PROBLEM DESCRIPTION:
Word for word, restate the entries below from their first line through the line that contains "Country Inn &".

Items from a data source:
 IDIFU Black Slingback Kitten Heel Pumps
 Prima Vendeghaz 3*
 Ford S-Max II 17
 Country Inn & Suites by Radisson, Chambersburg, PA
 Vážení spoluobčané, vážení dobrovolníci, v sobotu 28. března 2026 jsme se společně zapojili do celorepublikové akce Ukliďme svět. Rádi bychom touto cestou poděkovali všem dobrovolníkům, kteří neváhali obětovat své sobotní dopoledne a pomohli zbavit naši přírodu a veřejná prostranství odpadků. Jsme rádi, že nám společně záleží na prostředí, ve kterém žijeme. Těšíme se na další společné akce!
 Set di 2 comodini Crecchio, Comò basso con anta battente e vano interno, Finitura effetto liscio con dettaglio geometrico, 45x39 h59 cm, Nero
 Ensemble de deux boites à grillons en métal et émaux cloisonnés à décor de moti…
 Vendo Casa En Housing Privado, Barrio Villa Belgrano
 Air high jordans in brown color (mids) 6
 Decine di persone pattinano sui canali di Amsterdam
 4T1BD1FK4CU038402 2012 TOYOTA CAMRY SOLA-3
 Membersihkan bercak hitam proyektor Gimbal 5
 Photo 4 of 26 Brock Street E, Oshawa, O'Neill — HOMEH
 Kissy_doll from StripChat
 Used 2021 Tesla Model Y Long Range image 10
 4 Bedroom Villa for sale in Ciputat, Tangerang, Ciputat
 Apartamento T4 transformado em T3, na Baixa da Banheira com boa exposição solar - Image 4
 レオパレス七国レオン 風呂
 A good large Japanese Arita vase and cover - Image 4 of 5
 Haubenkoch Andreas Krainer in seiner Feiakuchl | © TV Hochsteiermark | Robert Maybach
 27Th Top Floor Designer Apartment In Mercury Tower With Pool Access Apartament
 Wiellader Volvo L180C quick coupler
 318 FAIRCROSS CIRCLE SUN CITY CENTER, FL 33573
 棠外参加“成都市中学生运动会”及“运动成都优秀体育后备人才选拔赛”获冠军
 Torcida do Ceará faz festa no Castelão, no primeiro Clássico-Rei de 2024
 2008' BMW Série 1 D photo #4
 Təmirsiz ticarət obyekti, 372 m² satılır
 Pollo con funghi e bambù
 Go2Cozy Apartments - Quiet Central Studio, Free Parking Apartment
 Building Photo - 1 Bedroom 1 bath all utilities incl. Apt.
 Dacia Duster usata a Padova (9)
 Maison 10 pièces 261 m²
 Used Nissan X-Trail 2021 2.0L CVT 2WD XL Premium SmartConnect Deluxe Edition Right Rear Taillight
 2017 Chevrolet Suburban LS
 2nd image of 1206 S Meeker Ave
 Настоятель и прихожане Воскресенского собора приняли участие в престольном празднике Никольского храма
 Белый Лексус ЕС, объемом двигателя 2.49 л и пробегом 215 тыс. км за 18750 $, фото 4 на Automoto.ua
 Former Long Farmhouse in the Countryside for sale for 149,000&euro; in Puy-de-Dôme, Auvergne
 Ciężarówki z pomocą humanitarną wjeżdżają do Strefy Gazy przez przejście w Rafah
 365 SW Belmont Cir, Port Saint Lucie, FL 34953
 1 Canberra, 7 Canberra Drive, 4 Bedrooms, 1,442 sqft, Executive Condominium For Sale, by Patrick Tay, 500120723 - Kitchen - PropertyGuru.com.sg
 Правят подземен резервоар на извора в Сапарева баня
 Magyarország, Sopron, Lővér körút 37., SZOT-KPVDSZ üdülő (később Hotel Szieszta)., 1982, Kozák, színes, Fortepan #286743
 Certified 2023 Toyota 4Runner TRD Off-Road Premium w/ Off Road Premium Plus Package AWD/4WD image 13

ANSWER BELOW:
 IDIFU Black Slingback Kitten Heel Pumps
 Prima Vendeghaz 3*
 Ford S-Max II 17
 Country Inn & Suites by Radisson, Chambersburg, PA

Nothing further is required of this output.